● **What you need to do**
Word for word, the listing below should be printed again.

● **Information provided**

----------

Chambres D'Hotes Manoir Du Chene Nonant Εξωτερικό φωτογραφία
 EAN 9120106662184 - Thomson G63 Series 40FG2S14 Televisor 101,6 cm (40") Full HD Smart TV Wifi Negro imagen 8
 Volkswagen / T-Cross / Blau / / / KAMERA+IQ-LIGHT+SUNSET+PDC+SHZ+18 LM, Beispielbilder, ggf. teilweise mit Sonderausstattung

----------

● **Output for this exercise**
Chambres D'Hotes Manoir Du Chene Nonant Εξωτερικό φωτογραφία
 EAN 9120106662184 - Thomson G63 Series 40FG2S14 Televisor 101,6 cm (40") Full HD Smart TV Wifi Negro imagen 8
 Volkswagen / T-Cross / Blau / / / KAMERA+IQ-LIGHT+SUNSET+PDC+SHZ+18 LM, Beispielbilder, ggf. teilweise mit Sonderausstattung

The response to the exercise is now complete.